According to the correlation coefficient (R²) shown in Table S2 (in Supporting Materials), the adsorption of triazophos on the dual functional monomers MMIPs and MINPs conformed to a pseudo-second-order kinetics model because the R² values of both were higher than 0.98. The calculated equilibrium adsorption value (0.160 mmol g⁻¹) of MMIPs was close to the actual equilibrium adsorption value (0.167 mmol g⁻¹) at 308 K. The results indicated that both external diffusion and intraparticle diffusion existed simultaneously [30].

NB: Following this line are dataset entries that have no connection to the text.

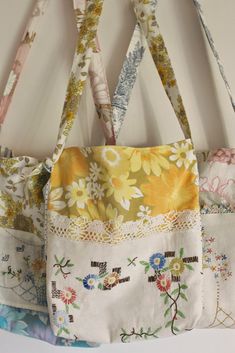 three purses hanging on a wall with flowers and lace trimming the bottom one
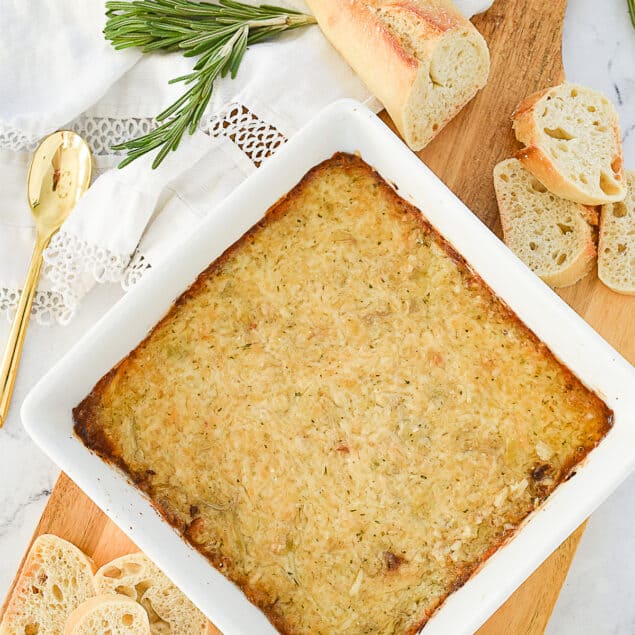 overhead shot of garlic artichoke dip in a white dish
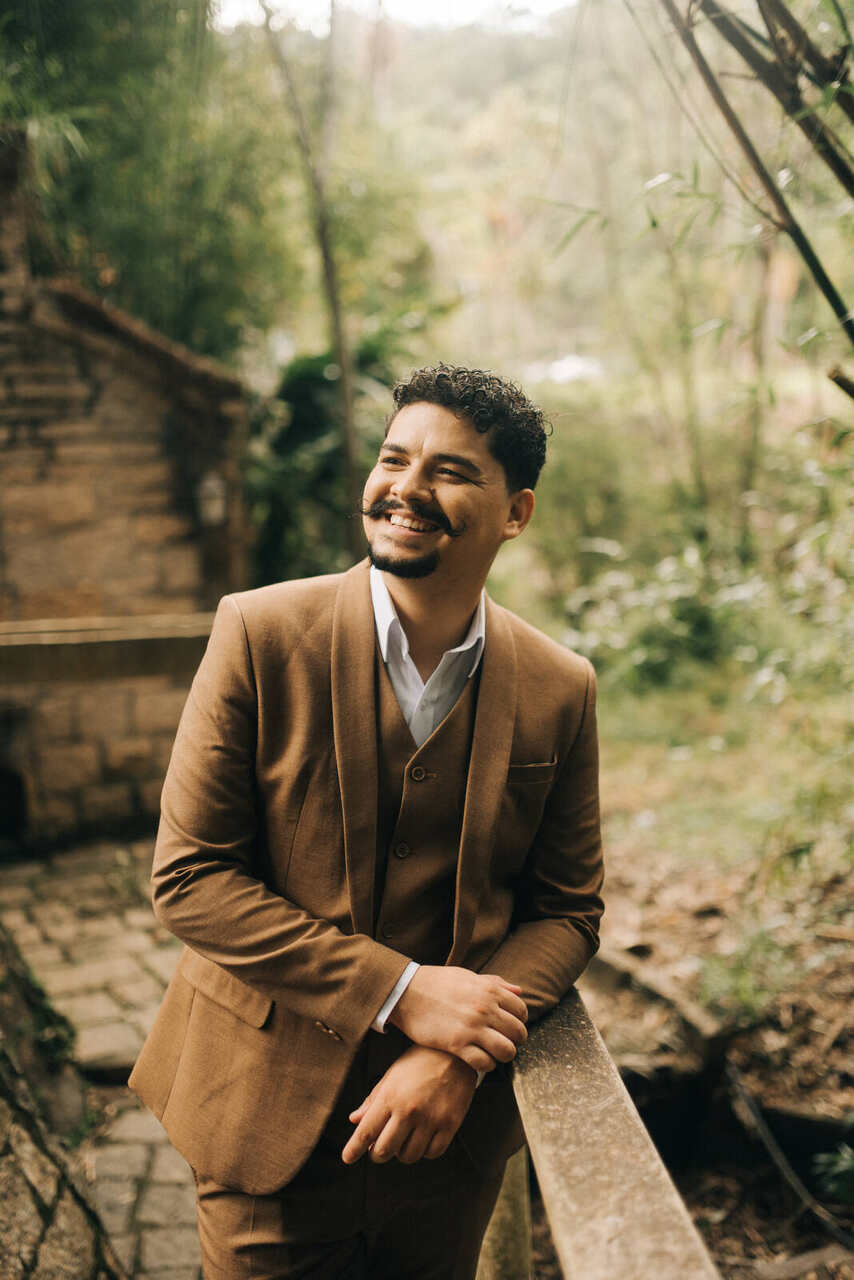 Noivo sorrindo com terno e colete bege, sem gravata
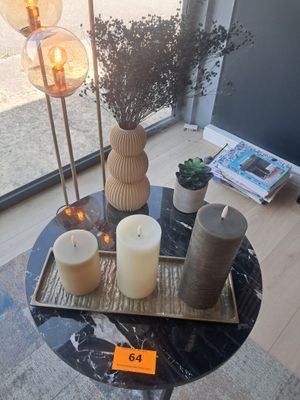 a table with candles and a tray with flowers on it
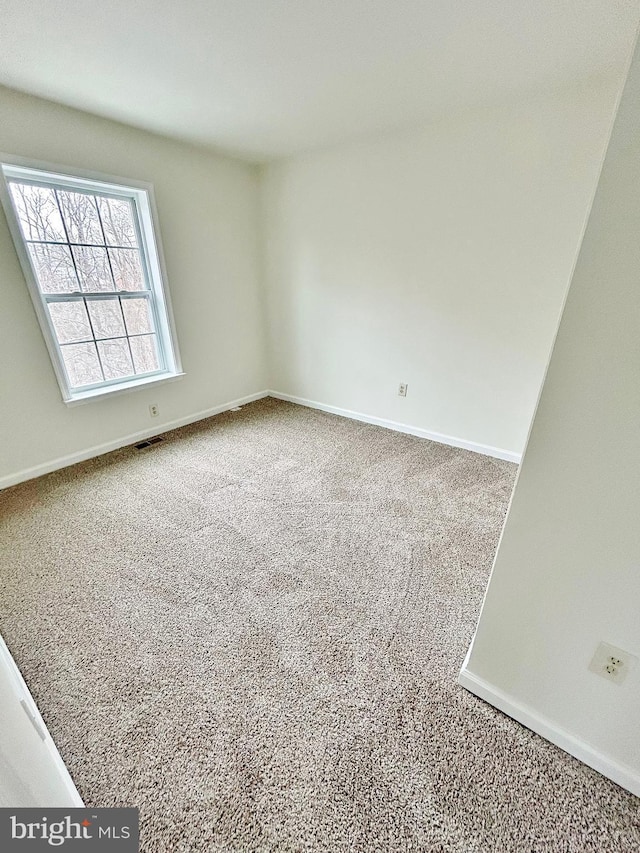 spare room with baseboards, visible vents, and carpet floors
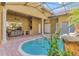 Outdoor living area with private pool, spa, built-in grill, and ample seating at 2442 Heritage Green Ave, Davenport, FL 33837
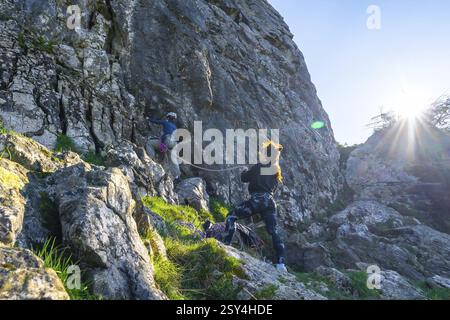 Due arrampicatrici che scalano una ripida parete rocciosa, illuminate dalla luce del sole, mostrando il lavoro di squadra e la determinazione nell'avventura all'aria aperta Foto Stock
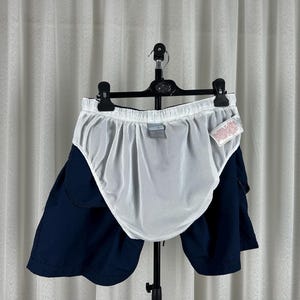Puede incluir: Pantalones cortos de ba&ntilde;o azul marino con forro de malla blanco, colgados de una percha negra. Los pantalones cortos est&aacute;n colocados frente a una cortina blanca. Una peque&ntilde;a etiqueta est&aacute; adherida a los pantalones cortos.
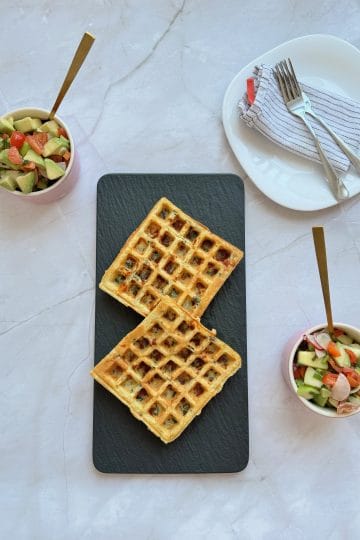 Vedere de sus cu două gofre sărate pe un platou negru, între două boluri roz cu salată de avocado și legume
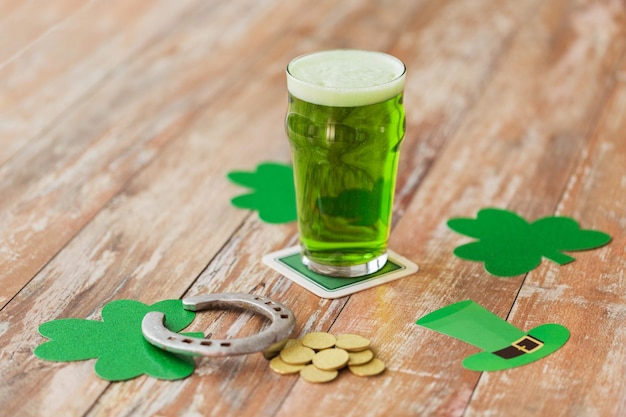 celebração de feriados e dia de São Patrício conceito copo de cerveja verde ferradura e moedas de ouro na mesa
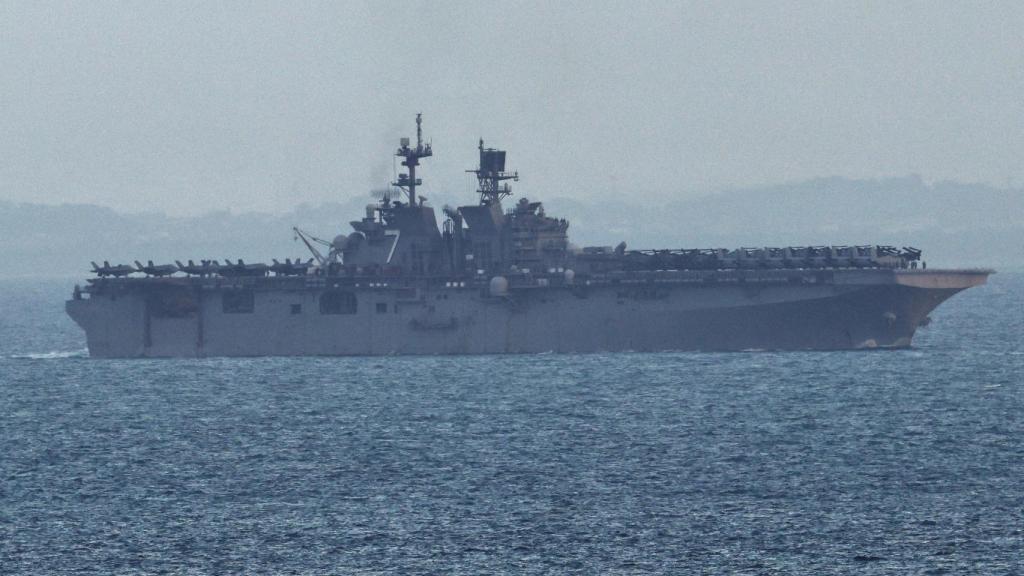 The amphibious assault ship USS Tripoli crosses the Singapore Strait on its way to the Persian Gulf.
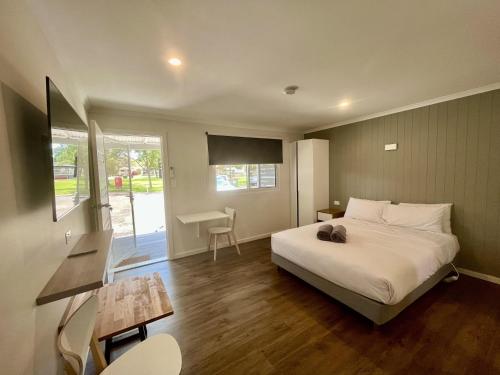 a bedroom with a bed and a table and a desk at Young Tourist Park in Young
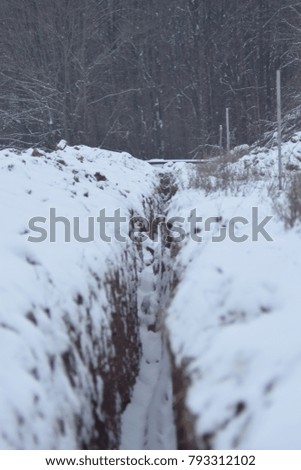 Trench, ditch. Pipeline. Winter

3.3.2. Thermodynamics of Adsorption on MMIPs

The adsorption of triazophos on MMIPs reached a maximum equilibrium adsorption capacity (0.226 mmol g⁻¹) at 318 K through adsorption thermodynamics (Figure S2 in Supporting Materials). With the increase of initial concentration, the adsorption capacities of all MMIPs increased under three diverse temperatures. The adsorption capacity increased with the increase of temperature; perhaps the reason was that the MMIPs could be swollen easily under higher temperature so that more binding sites were exposed. Thus, the adsorption capacity at a higher temperature was greater than that at low temperature, which is consistent with the results of relevant literature [28,30,40].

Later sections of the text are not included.